You don’t have to go far in any Dallas-Fort Worth community to find hike and bike trails. Not too long ago, the Metroplex was considered one of the least bike-friendly communities in the country. Fort Worth’s current mayor is an avid cyclist; under her leadership, Fort Worth is becoming one of the most bike-friendly communities in the Metroplex. After a complete turnaround, designated funds continue to expand and maintain some of the area’s most popular trails.
Fort Worth features nearly 40 miles of hike and bike trails along the Trinity River and its tributaries.

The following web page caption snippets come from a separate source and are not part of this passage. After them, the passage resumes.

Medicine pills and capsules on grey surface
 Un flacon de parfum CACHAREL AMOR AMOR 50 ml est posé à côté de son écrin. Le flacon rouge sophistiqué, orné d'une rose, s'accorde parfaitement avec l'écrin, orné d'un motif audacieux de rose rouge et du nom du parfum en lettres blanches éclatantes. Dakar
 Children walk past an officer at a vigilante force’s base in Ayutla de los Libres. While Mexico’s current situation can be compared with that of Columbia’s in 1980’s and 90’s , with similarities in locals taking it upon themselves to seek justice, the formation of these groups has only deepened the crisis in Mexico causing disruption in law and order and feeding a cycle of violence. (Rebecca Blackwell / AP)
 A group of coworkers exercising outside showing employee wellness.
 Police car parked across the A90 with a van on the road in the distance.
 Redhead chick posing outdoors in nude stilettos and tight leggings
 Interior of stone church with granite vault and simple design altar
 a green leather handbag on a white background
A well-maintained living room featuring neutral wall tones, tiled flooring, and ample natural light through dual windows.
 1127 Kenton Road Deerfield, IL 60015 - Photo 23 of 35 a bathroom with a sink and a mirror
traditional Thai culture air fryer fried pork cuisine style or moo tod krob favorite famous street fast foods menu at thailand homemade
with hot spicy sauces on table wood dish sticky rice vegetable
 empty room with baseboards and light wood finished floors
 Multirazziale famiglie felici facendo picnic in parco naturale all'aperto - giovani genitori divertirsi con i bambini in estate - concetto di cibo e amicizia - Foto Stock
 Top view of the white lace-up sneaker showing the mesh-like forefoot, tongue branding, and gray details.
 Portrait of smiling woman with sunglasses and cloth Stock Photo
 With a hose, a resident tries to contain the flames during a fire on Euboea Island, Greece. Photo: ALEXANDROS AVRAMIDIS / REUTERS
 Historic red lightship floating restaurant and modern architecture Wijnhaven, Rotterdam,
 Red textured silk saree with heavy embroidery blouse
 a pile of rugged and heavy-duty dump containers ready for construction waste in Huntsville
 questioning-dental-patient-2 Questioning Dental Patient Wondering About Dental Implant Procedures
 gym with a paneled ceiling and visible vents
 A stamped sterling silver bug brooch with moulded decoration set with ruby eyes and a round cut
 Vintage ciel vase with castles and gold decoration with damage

The system is linked together, giving long-distance bikers options. The Trinity Trails lead downtown to the Botanical Gardens, the Fort Worth Zoo, and the historical Stockyards.
A regional planning organization, the North Central Texas Council of Governments oversees the roughly 1,700 miles of off-street hike and bike trails throughout the Metroplex. The network of trails is called the Regional Veloweb. The Veloweb is a cooperative effort to provide funding to existing trails, to link more trails together, and to extend existing trails to public transportation.
One of the most popular trails for Dallas urban dwellers is the 3.5 mile Katy Trail, which currently starts at the American Airlines Center and winds up just shy of Southern Methodist University in the Knox-Henderson area. Residents in the White Rock Lake area have the scenic nine-mile trail that circles the picturesque lake. Northeast Dallas is home to the White Rock Creek trail, a 7.6 mile trek that is the oldest trail in the city. Half a dozen additional trails exist in the city limits that are shorter and more conducive to walking.
Many of Dallas’ bike trails are expanding. The southern end of the Katy Trail is under construction. It will eventually link with the West End Historic section downtown, giving residents the option to bike to work. The northern end is scheduled to end at Northwest Highway. Additional funding has been approved to link several of Dallas’ trails together over the next few years.
Frisco, the booming bedroom community located north of Dallas, features 56 miles of on- and off-street biking trails. Other Dallas and Collin county communities, such as Richardson, Grand Prairie, and Plano, also offer bike trails.
For cyclists who want a more rugged experience, several mountain bike trails are accessible, especially to Dallas. Garland, Plano, DeSoto, Duncanville, and Irving all feature mountain bike trails. Perhaps the most challenging and well maintained trail is DOBRA in Cedar Hill, which features 11 miles of trails for experienced cyclists and hikers.